Diagnostics¶
shiftkit.diagnostics provides visualisation tools for inspecting latent spaces, classification performance, and training dynamics.
plot_latent_space¶
Encode samples from source and target loaders, project to 2-D, and plot two panels:
- Left — coloured by domain (source = blue, target = orange)
- Right — coloured by class label (10 colours)
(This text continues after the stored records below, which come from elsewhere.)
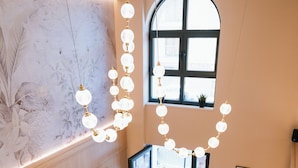 Un interior con una zona de estar, un amplio ventanal de arco y una pared con estampado floral.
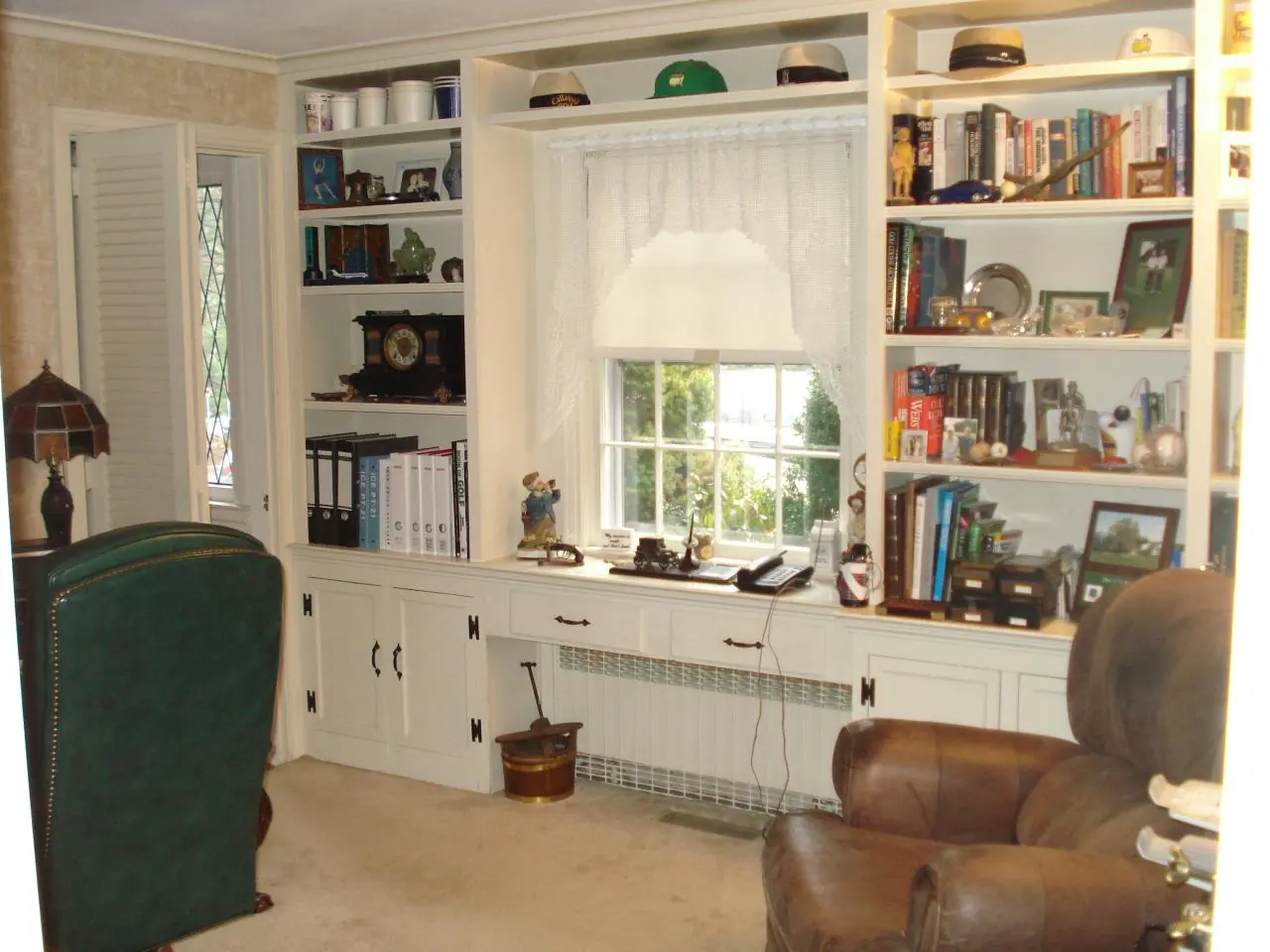 Painted bookcase and millwork before painting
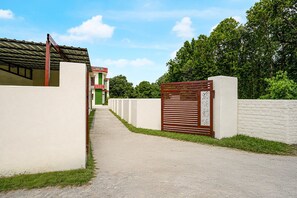 A gated entrance with a pathway leading to a building with a green and white facade. - Classic Nautiyal Home Stay (Vikasnagar)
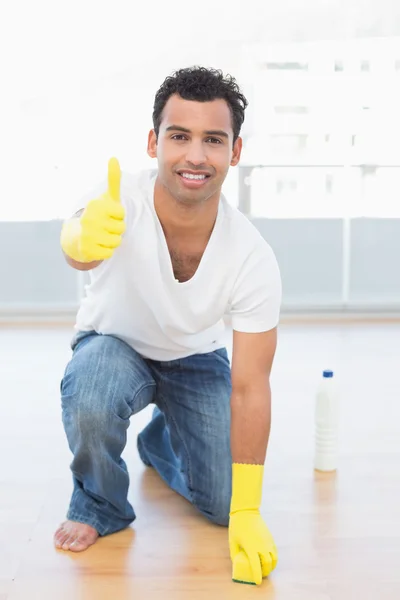 Usmívající se muž čištění podlahy a zároveň ukázal dobrý znamení — Stock fotografie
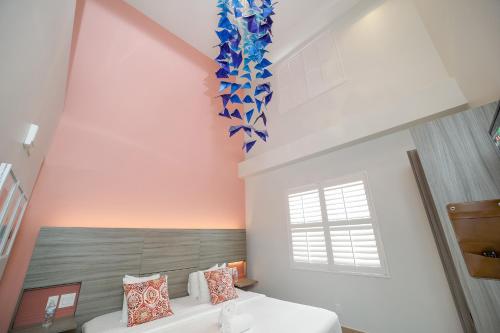 a bedroom with a bed with a blue decoration on the wall at The Julia Hotel in Miami Beach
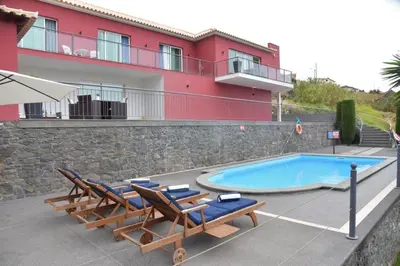 a resort with a swimming pool and chairs and a building at Quinta do Brasil in Arco da Calheta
Three projection methods are available via the projection parameter:
t-SNE, Isomap, and UMAP.
from shiftkit.diagnostics import plot_latent_space
# t-SNE (default)
fig = plot_latent_space(
model=model,
source_loader=test_src,
target_loader=test_tgt,
max_samples=2000,
projection="tsne",
title="CNN + MMD",
save_path="outputs/latent_space.png",
show=False,
)
# Isomap
fig = plot_latent_space(model, test_src, test_tgt,
projection="isomap", n_neighbors=10)
# UMAP
fig = plot_latent_space(model, test_src, test_tgt,
projection="umap", n_neighbors=15, min_dist=0.1)
Parameters¶
| Parameter | Type | Default | Description |
|---|---|---|---|
model |
nn.Module |
— | Trained model with .encode() method |
source_loader |
DataLoader |
— | Source domain DataLoader |
target_loader |
DataLoader |
— | Target domain DataLoader |
max_samples |
int |
2000 |
Max samples per domain |
projection |
str |
"tsne" |
Projection method: "tsne", "isomap", or "umap" |
perplexity |
float |
30.0 |
t-SNE perplexity (t-SNE only) |
n_iter |
int |
1000 |
t-SNE number of iterations (t-SNE only) |
n_neighbors |
int |
15 |
Neighbourhood size (Isomap and UMAP) |
min_dist |
float |
0.1 |
Minimum distance between embedded points (UMAP only) |
title |
str |
"Latent Space" |
Figure suptitle |
save_path |
str \| None |
None |
If set, save figure to this path |
class_names |
list \| None |
None |
Class label strings; uses integers if None |
show |
bool |
True |
Whether to call plt.show() |
Returns: matplotlib.figure.Figure
Interpreting the domain panel
A well-adapted model will show blue and orange points interleaved in the domain panel — the encoder has learned to ignore domain-specific variation. A non-adapted model will show two clearly separated clusters.
compare_latent_spaces¶
Compare latent spaces of multiple models in a single figure. Each model gets one row with the same two panels (by domain, by class). Rows appear in dict insertion order.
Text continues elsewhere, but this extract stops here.